**Prompt:** An exact, word-for-word copy of the entries is required, beginning at the line that contains "އިލެކްޝަންސް ކޮމިޝަންގެ ރައީސް" and ending at the last line, both included.

**Items from a dataset:**
§ §

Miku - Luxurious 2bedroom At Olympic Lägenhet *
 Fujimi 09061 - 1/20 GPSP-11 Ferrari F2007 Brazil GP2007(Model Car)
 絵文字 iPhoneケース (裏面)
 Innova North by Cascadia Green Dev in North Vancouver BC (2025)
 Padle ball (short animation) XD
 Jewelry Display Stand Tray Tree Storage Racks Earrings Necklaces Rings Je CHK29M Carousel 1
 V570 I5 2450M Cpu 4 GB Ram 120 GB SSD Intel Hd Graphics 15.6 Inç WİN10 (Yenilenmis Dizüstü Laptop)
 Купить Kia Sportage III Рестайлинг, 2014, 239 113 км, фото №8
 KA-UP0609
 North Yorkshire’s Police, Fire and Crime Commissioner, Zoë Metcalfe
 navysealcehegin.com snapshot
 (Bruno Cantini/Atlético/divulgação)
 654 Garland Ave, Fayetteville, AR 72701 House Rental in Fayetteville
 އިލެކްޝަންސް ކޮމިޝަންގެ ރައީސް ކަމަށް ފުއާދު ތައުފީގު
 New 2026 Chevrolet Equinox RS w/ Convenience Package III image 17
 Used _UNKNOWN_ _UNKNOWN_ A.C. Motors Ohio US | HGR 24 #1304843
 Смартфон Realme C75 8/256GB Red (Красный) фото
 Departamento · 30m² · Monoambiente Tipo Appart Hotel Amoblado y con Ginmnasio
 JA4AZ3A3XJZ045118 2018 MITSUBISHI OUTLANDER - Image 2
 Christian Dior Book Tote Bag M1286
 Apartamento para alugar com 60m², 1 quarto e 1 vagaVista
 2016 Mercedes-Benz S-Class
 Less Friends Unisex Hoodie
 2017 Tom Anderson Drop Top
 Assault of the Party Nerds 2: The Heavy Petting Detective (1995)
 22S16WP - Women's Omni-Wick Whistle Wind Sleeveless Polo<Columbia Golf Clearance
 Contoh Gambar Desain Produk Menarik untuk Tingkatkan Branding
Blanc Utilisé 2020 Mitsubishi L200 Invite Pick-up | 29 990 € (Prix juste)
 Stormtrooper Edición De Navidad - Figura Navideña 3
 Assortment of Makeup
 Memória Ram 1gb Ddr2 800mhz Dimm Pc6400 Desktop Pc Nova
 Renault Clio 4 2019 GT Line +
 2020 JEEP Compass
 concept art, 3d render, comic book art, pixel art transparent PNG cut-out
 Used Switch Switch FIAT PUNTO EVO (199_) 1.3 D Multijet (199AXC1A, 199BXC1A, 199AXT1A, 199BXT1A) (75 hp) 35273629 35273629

§ §

**Exercise answer:**
 އިލެކްޝަންސް ކޮމިޝަންގެ ރައީސް ކަމަށް ފުއާދު ތައުފީގު
 New 2026 Chevrolet Equinox RS w/ Convenience Package III image 17
 Used _UNKNOWN_ _UNKNOWN_ A.C. Motors Ohio US | HGR 24 #1304843
 Смартфон Realme C75 8/256GB Red (Красный) фото
 Departamento · 30m² · Monoambiente Tipo Appart Hotel Amoblado y con Ginmnasio
 JA4AZ3A3XJZ045118 2018 MITSUBISHI OUTLANDER - Image 2
 Christian Dior Book Tote Bag M1286
 Apartamento para alugar com 60m², 1 quarto e 1 vagaVista
 2016 Mercedes-Benz S-Class
 Less Friends Unisex Hoodie
 2017 Tom Anderson Drop Top
 Assault of the Party Nerds 2: The Heavy Petting Detective (1995)
 22S16WP - Women's Omni-Wick Whistle Wind Sleeveless Polo<Columbia Golf Clearance
 Contoh Gambar Desain Produk Menarik untuk Tingkatkan Branding
Blanc Utilisé 2020 Mitsubishi L200 Invite Pick-up | 29 990 € (Prix juste)
 Stormtrooper Edición De Navidad - Figura Navideña 3
 Assortment of Makeup
 Memória Ram 1gb Ddr2 800mhz Dimm Pc6400 Desktop Pc Nova
 Renault Clio 4 2019 GT Line +
 2020 JEEP Compass
 concept art, 3d render, comic book art, pixel art transparent PNG cut-out
 Used Switch Switch FIAT PUNTO EVO (199_) 1.3 D Multijet (199AXC1A, 199BXC1A, 199AXT1A, 199BXT1A) (75 hp) 35273629 35273629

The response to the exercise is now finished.